The first thing to note here is London, obviously by far the biggest population centre – but also increasingly the centre of gravity for English football. In the last decade London has been the UK’s economic boom town and it’s certainly also been the case for football investment. The Premier League boasts 6 greater London clubs who’ll all stay up this season. Within the next decade at least 4 of these (Arsenal, West Ham, Spurs and Chelsea) will have super stadiums. And why worry about England’s chances of ever hosting the World Cup again, when London could launch a credible bid on its own?

Brentford, Fulham, QPR, Charlton and even Reading could also benefit from the London effect in future seasons. Although surely there’s a limit to how far London football investment can spread? [Chelsea, Fulham, QPR and Brentford even share adjacent pages on my A to Z]

The second thing I noted was how many very large population areas don’t have a Premier League team. Yorkshire stands out [West Yorkshire and Sheffield]; it’s perplexing why Yorkshire can’t sustain a premier league team. Although Middlesbrough, Hull City (both sometimes described as Yorkshire) and even Sheffield Wednesday may change this soon.

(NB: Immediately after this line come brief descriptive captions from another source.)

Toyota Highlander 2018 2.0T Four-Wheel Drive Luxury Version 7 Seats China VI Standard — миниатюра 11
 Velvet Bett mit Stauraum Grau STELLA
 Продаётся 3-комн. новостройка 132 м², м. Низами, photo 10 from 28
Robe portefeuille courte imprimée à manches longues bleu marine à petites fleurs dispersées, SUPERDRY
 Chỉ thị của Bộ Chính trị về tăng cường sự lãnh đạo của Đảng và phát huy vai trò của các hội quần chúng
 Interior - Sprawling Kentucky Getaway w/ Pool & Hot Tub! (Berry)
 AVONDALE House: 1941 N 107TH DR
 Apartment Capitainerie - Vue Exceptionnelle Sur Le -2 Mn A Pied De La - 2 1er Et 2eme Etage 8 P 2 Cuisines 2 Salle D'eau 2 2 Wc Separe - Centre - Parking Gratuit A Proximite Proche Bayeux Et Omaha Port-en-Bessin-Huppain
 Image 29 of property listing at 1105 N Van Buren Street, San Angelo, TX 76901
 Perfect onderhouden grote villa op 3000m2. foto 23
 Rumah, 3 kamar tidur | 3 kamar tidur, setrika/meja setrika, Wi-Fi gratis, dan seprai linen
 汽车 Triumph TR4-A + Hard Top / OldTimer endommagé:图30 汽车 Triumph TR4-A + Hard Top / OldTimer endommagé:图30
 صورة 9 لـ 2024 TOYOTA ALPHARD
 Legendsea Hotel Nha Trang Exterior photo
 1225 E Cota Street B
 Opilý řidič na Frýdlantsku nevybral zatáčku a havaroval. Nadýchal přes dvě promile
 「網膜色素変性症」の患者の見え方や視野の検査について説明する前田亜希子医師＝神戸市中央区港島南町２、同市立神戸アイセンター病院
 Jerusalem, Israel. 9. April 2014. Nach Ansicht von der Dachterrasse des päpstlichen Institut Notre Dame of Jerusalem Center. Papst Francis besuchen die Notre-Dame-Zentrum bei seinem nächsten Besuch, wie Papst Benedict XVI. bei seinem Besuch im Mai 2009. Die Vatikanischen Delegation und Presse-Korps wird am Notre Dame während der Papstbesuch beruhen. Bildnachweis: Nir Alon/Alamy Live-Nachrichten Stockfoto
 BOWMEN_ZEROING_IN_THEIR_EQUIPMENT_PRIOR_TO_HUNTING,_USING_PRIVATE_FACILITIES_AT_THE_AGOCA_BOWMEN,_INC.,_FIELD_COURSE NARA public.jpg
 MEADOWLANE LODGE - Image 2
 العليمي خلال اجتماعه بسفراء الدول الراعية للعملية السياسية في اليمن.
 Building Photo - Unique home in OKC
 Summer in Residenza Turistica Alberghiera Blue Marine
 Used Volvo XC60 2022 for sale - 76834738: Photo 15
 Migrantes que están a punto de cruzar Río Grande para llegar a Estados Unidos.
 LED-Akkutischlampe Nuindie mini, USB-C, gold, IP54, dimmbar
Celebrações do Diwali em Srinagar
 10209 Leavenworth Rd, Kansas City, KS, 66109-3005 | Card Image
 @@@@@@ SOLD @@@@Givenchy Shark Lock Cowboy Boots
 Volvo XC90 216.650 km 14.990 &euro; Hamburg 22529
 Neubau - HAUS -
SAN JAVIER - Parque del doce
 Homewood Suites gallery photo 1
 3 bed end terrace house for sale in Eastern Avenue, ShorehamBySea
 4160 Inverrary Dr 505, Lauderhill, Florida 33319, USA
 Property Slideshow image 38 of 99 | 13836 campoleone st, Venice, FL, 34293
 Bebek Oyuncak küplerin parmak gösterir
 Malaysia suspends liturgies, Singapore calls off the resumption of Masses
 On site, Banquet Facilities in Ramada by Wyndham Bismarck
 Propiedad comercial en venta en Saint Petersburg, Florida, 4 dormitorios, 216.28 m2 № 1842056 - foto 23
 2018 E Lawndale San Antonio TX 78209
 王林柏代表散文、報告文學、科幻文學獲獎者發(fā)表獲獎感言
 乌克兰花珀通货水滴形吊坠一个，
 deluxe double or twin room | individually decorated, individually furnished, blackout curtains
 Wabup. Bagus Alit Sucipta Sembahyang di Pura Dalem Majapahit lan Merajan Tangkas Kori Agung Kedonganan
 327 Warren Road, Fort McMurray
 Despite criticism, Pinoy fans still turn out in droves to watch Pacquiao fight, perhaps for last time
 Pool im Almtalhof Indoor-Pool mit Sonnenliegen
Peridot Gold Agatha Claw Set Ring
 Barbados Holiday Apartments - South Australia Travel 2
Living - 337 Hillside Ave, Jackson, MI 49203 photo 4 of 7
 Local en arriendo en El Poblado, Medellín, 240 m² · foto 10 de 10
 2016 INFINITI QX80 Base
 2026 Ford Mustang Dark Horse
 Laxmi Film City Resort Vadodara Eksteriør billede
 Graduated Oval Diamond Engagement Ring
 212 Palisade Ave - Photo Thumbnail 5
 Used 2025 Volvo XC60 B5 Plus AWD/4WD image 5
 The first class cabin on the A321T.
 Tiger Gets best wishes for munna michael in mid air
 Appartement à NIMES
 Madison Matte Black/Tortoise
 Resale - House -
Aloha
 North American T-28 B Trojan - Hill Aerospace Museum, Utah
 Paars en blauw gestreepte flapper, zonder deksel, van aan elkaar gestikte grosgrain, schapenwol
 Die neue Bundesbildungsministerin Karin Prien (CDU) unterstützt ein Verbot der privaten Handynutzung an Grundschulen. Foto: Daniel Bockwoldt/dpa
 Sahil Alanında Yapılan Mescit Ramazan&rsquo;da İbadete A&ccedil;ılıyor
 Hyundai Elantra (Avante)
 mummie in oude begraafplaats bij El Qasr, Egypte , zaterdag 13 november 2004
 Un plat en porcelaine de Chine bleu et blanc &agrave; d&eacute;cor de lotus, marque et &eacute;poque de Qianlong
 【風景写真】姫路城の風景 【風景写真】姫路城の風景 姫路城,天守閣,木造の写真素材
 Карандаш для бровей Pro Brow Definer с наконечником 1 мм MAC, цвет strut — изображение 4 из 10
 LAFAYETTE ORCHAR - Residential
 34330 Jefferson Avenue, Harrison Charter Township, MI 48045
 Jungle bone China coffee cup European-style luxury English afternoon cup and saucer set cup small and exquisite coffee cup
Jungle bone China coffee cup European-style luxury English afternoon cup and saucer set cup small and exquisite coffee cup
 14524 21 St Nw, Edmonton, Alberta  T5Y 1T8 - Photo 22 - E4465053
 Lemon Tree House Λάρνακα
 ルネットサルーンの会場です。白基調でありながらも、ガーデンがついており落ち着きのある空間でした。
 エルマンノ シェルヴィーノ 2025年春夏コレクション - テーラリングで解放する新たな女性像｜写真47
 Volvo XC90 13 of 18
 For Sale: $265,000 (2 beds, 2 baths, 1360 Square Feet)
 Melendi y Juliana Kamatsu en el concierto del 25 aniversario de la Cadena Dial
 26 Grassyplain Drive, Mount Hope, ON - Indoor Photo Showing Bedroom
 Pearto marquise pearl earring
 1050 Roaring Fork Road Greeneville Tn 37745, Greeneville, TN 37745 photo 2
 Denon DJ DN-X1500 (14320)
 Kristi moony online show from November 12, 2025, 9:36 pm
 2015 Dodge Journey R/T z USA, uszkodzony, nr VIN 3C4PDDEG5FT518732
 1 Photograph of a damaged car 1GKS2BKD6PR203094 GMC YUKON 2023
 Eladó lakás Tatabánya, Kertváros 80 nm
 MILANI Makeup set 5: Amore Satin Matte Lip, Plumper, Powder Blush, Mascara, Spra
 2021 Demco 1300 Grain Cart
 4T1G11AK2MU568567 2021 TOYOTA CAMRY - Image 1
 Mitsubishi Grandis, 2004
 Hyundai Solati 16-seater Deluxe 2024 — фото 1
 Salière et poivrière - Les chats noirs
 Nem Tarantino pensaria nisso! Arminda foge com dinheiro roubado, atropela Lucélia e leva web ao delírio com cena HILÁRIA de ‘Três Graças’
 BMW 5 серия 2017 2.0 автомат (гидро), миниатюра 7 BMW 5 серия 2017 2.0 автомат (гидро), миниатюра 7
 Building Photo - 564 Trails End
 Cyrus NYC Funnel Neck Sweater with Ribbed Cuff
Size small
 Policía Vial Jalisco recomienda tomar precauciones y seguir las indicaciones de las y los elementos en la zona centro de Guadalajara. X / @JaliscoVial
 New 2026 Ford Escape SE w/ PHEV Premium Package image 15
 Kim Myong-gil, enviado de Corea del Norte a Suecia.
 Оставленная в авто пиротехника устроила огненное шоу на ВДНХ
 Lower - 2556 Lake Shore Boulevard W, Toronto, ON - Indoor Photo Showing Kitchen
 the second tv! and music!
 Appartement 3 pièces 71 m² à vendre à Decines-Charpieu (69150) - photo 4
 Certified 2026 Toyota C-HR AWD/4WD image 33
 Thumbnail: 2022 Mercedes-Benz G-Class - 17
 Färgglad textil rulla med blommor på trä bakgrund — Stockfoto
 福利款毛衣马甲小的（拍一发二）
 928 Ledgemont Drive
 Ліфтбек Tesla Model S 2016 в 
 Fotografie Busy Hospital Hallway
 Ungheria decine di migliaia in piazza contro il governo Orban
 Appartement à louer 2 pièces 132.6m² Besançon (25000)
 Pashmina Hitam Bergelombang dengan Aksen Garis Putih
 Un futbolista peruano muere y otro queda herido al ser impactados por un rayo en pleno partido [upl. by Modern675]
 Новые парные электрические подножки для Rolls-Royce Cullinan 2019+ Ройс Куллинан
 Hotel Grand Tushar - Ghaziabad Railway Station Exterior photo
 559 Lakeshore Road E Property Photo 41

And it’s also notable how many large UK population areas there are, that haven’t traditionally been football hot beds. This illustrates that with good management and investment there are many unfashionable clubs that could become forces in the future – examples include teams such as Brighton, Huddersfield, Reading, Bristol City, Cardiff City and MK Dons. Even though Bournemouth doesn’t have a strong football tradition, they’re actually situated in a populous area – given their current structure and Premier League status they’re well set to become an established force.

There’s also a question of whether there are any more big clubs that may fall the way of Villa, Newcastle and Sunderland. In the Premier League, Everton appear to be the club in most danger, they certainly fit the profile. Even Manchester United and Liverpool might become concerned if they fail to return to the Champions League (although to an extent they’re protected by their huge brands). Arsenal and Spurs are probably protected by the London effect.